No image is to be carried over; reproduce the rest of the listing word for word.

========

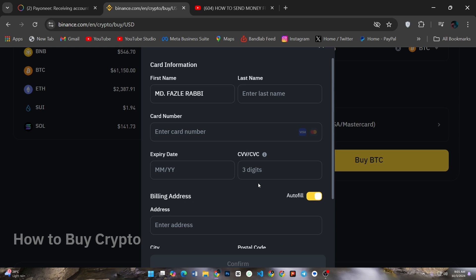Binance will ask for your bank details. Here you will enter the same Payoneer bank account information you copied earlier. Make sure to input the correct routing and account numbers. After filling in your details, complete the deposit process by following the prompts.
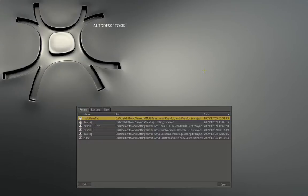My name is Evan Schiebel for CGTOOPS Plus, and in this tutorial we're going to take a look at creating a photorealistic candle in 3D Studio Max and Toxic. Both these are Autodesk products — obviously 3D Max — but many of you might not know what Toxic is.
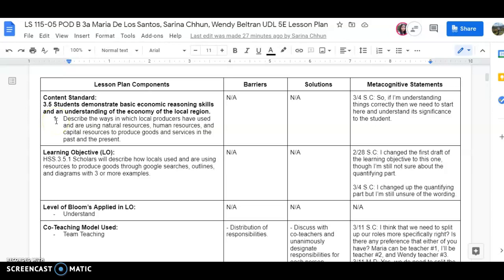The substandard describes the ways in which local producers have used and are using natural resources, human resources, and capital resources to produce goods and services in the past and the present.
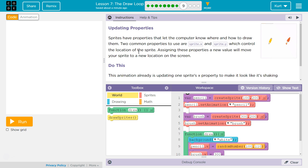The dot just specifies that the x variable belongs to sprite. Don't let these dot things confuse you. It makes it so we can store a lot of stuff within one character — within one sprite. Sprite.x, sprite.y.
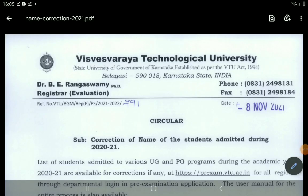Hi everyone, I am the Student Solution YouTube channel. Welcome to VTU Update.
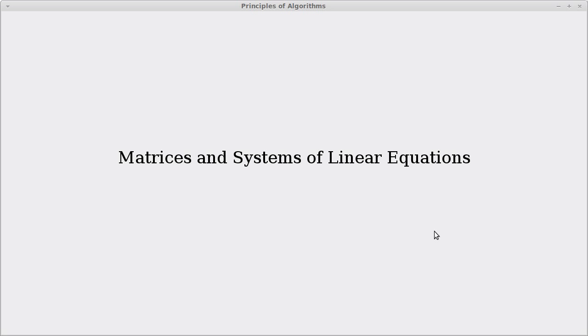Welcome to a video on matrices and systems of linear equations for my Principles of Algorithms class. This material mirrors what is covered in Chapter 28 of the Introduction to Algorithms textbook.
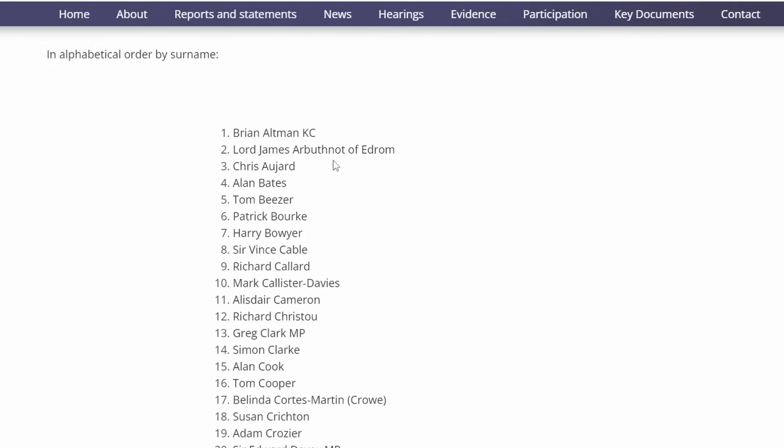Chris Aujard, who joined the Post Office in 2013 as Interim General Counsel and has had responsibility for both legal function and internal audit there. Alan Bates needs no introduction. We saw him as the main character, sub-postmaster who first raised issues with Horizon in 2000 and formed the Justice for Sub-Postmasters Alliance Group that eventually won the court case in 2019. Tom Beezer, a partner in the commercial disputes team.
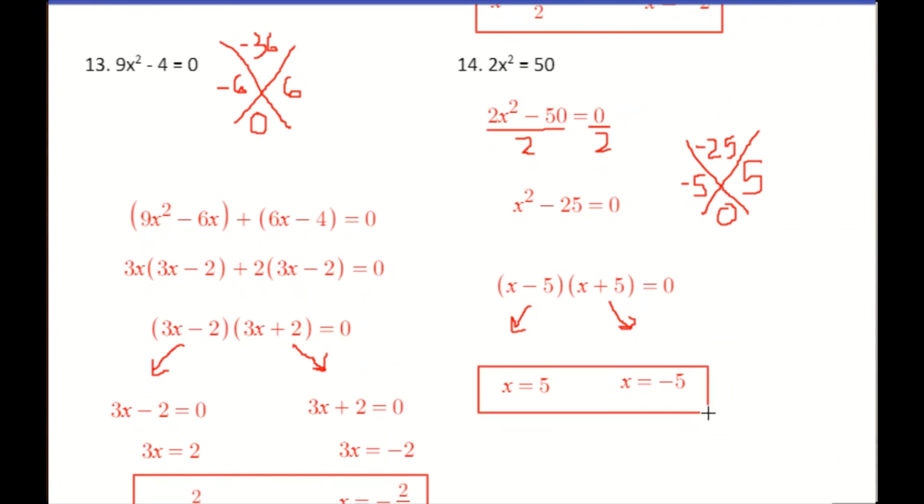So that's pretty much it for today. To recap: we went over how to solve a quadratic equation using factoring, a technique we learned earlier in the unit. Now we know two different methods — solving by graphing, which we learned last time, and solving by factoring. Depending on how the equation is set up, one method may be easier than the other. It's good to have both tools in your toolbox. Next time we'll look at yet another method for solving quadratics. Y'all have a great day and I'll see you next time.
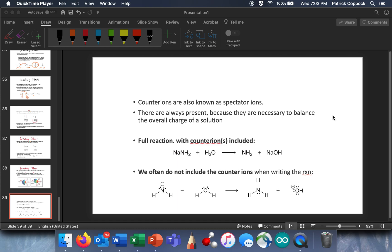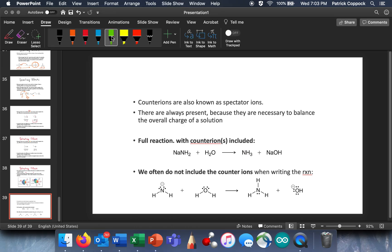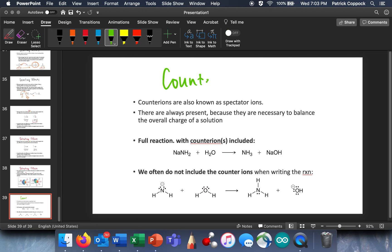So here's a question that I want to deal with. It's not a super big question, but I think it's going to make your life easier if you can appreciate it. So this question, this topic, is called counter-ions.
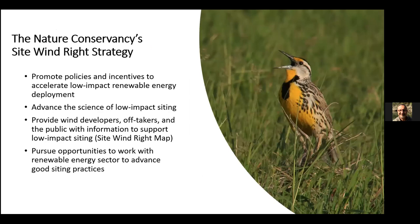The map is a foundational component of Site Wind Right. However, we've recognized that we need to do more than just provide a map. These are the other parts of our approach to wind siting in the Great Plains: there has to be policies and incentives to accelerate low-impact renewable energy deployment to those places where we want to see it, versus those sensitive habitats.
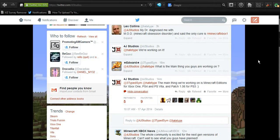The main thing we're working on is Minecraft editions for Xbox One, PS4, and PS Vita, and patch 1.06 for PS3.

========

- [YOUR SOLUTION]
Binance will ask for your bank details. Here you will enter the same Payoneer bank account information you copied earlier. Make sure to input the correct routing and account numbers. After filling in your details, complete the deposit process by following the prompts.
My name is Evan Schiebel for CGTOOPS Plus, and in this tutorial we're going to take a look at creating a photorealistic candle in 3D Studio Max and Toxic. Both these are Autodesk products — obviously 3D Max — but many of you might not know what Toxic is.
The substandard describes the ways in which local producers have used and are using natural resources, human resources, and capital resources to produce goods and services in the past and the present.
The dot just specifies that the x variable belongs to sprite. Don't let these dot things confuse you. It makes it so we can store a lot of stuff within one character — within one sprite. Sprite.x, sprite.y.
Hi everyone, I am the Student Solution YouTube channel. Welcome to VTU Update.
Welcome to a video on matrices and systems of linear equations for my Principles of Algorithms class. This material mirrors what is covered in Chapter 28 of the Introduction to Algorithms textbook.
Chris Aujard, who joined the Post Office in 2013 as Interim General Counsel and has had responsibility for both legal function and internal audit there. Alan Bates needs no introduction. We saw him as the main character, sub-postmaster who first raised issues with Horizon in 2000 and formed the Justice for Sub-Postmasters Alliance Group that eventually won the court case in 2019. Tom Beezer, a partner in the commercial disputes team.
So that's pretty much it for today. To recap: we went over how to solve a quadratic equation using factoring, a technique we learned earlier in the unit. Now we know two different methods — solving by graphing, which we learned last time, and solving by factoring. Depending on how the equation is set up, one method may be easier than the other. It's good to have both tools in your toolbox. Next time we'll look at yet another method for solving quadratics. Y'all have a great day and I'll see you next time.
So here's a question that I want to deal with. It's not a super big question, but I think it's going to make your life easier if you can appreciate it. So this question, this topic, is called counter-ions.
The map is a foundational component of Site Wind Right. However, we've recognized that we need to do more than just provide a map. These are the other parts of our approach to wind siting in the Great Plains: there has to be policies and incentives to accelerate low-impact renewable energy deployment to those places where we want to see it, versus those sensitive habitats.
The main thing we're working on is Minecraft editions for Xbox One, PS4, and PS Vita, and patch 1.06 for PS3.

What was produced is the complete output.